Compared to August 2024, the performance in September was lower for most funds due to an unfavorable market context with liquidity decreasing for the third consecutive month to its lowest level in nearly a year, individuals aggressively selling off, and no leading sectors.

Since the beginning of 2024, 38 out of 61 equity funds, as per FiinTrade’s statistics, have recorded growth far exceeding the Vn-Index. Notably, the VinaCapital Modern Economy Stock Fund (+33.3%), DCVFMVN Diamond ETF (+30.5%), and Vietnam Long-Term Growth Fund (+28.6%) have stood out. A common thread among these three funds is their inclusion of FPT and ACB in their top holdings.

Capital inflows into the Vietnamese stock market through investment funds were positive in September 2024, with a net inflow of over 1,100 billion VND after nine consecutive months of outflows (totalling more than 18 trillion VND). Inflows continued into active funds, and passive funds saw reduced outflows.

This data is calculated from 100 investment funds with a total NAV of nearly 231,800 billion VND. In terms of investment strategy, there are 63 equity funds, 23 bond funds, and 14 balanced funds. By fund classification, there are 66 open-ended funds, 24 ETFs, 6 closed-ended funds, 3 retirement funds, and 1 real estate fund.

There was a differentiation in capital flows by fund type. In September, capital inflows continued into open-ended funds, reaching 655 billion VND, while outflows were seen in ETFs (-846 billion VND) and closed-ended funds (-839 billion VND). For open-ended funds, capital allocation was mainly into the Dynamic Securities Investment Fund (VFMVF1) with 239 billion VND, 5.62 times higher than the previous month. In contrast, outflows from ETFs mostly came from the Fubon FTSE Vietnam fund (672 billion VND), and outflows from closed-ended funds were led by the VEIL fund (511 billion VND).
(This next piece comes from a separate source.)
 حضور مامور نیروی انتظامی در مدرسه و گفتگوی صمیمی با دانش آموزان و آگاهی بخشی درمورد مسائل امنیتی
On a 12-month cumulative basis, open-ended funds recorded net inflows of over 6,700 billion VND, while outflows were seen in closed-ended funds and ETFs, at 4,800 billion VND and 29,900 billion VND, respectively.

Fig. 1 – Fund Performance and Capital Flows (Source: FiinTrade)
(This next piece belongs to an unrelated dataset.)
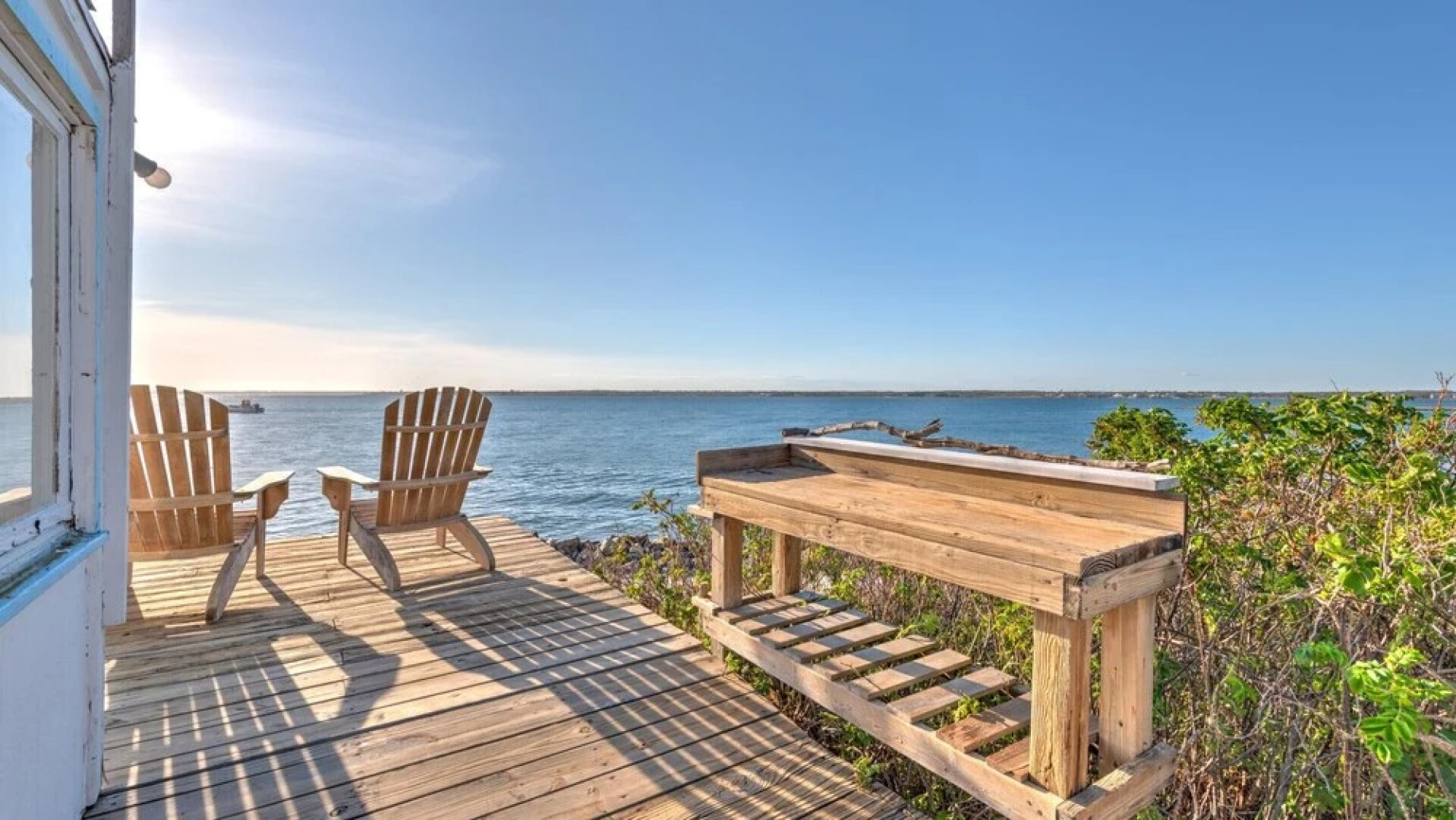 Bungalow 4 - 1br, Waterfront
In terms of asset allocation, according to FiinTrade’s statistics, 10 out of 18 open-ended equity funds reduced their cash holdings in September 2024, mainly those with a scale of less than 1,000 billion VND. In contrast, larger-scale funds increased their cash positions.

Regarding the investment fund flows into the Vietnamese stock market, SSI Research noted that active funds continued to maintain a net selling position in September, albeit at a much slower pace compared to August. Notably, capital flows from active funds investing solely in Vietnam started to return in the last week of September, with a strong trend from Thai funds. Overall, these funds investing solely in Vietnam withdrew a net amount of approximately 320 billion VND in September (lower than the 600 billion VND in August).

There may be a time lag compared to other countries in the region, but with the positive inflow trend in Malaysia and Indonesia, SSI expects active funds to continue allocating weights to Vietnam in the future.

A highlight in September was the official issuance by the Ministry of Finance of a circular amending four circulars related to foreign institutional investors’ ability to buy stocks without requiring sufficient funds and the roadmap for English disclosure. This will form the basis for a positive assessment by FTSE Russell in early October. This development also enables foreign investment funds to proactively manage their cash flows, thereby improving trading liquidity.